▸ Problem description: The answer must be an exact restatement of all the data.
BEGIN Available data
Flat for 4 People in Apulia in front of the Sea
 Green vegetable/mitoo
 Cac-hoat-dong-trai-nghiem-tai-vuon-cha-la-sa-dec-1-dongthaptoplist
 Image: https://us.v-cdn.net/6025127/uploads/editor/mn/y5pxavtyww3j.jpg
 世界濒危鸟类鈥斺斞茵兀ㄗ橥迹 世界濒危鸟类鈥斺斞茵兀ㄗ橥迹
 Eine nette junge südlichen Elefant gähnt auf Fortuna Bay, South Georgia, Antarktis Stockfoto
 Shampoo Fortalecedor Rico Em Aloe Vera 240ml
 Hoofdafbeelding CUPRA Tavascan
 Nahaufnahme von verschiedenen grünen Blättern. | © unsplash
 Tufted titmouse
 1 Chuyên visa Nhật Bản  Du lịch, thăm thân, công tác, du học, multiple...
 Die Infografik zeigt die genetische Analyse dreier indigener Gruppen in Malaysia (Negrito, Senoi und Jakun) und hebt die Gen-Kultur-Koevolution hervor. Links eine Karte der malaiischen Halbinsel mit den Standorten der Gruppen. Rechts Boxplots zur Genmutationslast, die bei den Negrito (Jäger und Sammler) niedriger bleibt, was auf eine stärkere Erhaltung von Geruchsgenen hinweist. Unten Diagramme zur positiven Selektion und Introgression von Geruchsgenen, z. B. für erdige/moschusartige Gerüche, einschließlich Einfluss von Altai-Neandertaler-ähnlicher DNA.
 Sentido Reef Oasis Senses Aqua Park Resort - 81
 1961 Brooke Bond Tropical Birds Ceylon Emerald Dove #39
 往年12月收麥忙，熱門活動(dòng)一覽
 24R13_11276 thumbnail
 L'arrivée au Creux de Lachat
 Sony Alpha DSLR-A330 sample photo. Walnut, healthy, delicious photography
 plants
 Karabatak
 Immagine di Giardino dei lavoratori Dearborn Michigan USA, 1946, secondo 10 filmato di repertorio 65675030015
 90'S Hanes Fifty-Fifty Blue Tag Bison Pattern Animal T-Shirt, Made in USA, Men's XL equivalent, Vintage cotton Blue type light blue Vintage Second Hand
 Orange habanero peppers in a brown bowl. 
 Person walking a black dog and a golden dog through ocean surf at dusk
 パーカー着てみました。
END Available data
▸ Solution to this exercise:
Flat for 4 People in Apulia in front of the Sea
 Green vegetable/mitoo
 Cac-hoat-dong-trai-nghiem-tai-vuon-cha-la-sa-dec-1-dongthaptoplist
 Image: https://us.v-cdn.net/6025127/uploads/editor/mn/y5pxavtyww3j.jpg
 世界濒危鸟类鈥斺斞茵兀ㄗ橥迹 世界濒危鸟类鈥斺斞茵兀ㄗ橥迹
 Eine nette junge südlichen Elefant gähnt auf Fortuna Bay, South Georgia, Antarktis Stockfoto
 Shampoo Fortalecedor Rico Em Aloe Vera 240ml
 Hoofdafbeelding CUPRA Tavascan
 Nahaufnahme von verschiedenen grünen Blättern. | © unsplash
 Tufted titmouse
 1 Chuyên visa Nhật Bản  Du lịch, thăm thân, công tác, du học, multiple...
 Die Infografik zeigt die genetische Analyse dreier indigener Gruppen in Malaysia (Negrito, Senoi und Jakun) und hebt die Gen-Kultur-Koevolution hervor. Links eine Karte der malaiischen Halbinsel mit den Standorten der Gruppen. Rechts Boxplots zur Genmutationslast, die bei den Negrito (Jäger und Sammler) niedriger bleibt, was auf eine stärkere Erhaltung von Geruchsgenen hinweist. Unten Diagramme zur positiven Selektion und Introgression von Geruchsgenen, z. B. für erdige/moschusartige Gerüche, einschließlich Einfluss von Altai-Neandertaler-ähnlicher DNA.
 Sentido Reef Oasis Senses Aqua Park Resort - 81
 1961 Brooke Bond Tropical Birds Ceylon Emerald Dove #39
 往年12月收麥忙，熱門活動(dòng)一覽
 24R13_11276 thumbnail
 L'arrivée au Creux de Lachat
 Sony Alpha DSLR-A330 sample photo. Walnut, healthy, delicious photography
 plants
 Karabatak
 Immagine di Giardino dei lavoratori Dearborn Michigan USA, 1946, secondo 10 filmato di repertorio 65675030015
 90'S Hanes Fifty-Fifty Blue Tag Bison Pattern Animal T-Shirt, Made in USA, Men's XL equivalent, Vintage cotton Blue type light blue Vintage Second Hand
 Orange habanero peppers in a brown bowl. 
 Person walking a black dog and a golden dog through ocean surf at dusk
 パーカー着てみました。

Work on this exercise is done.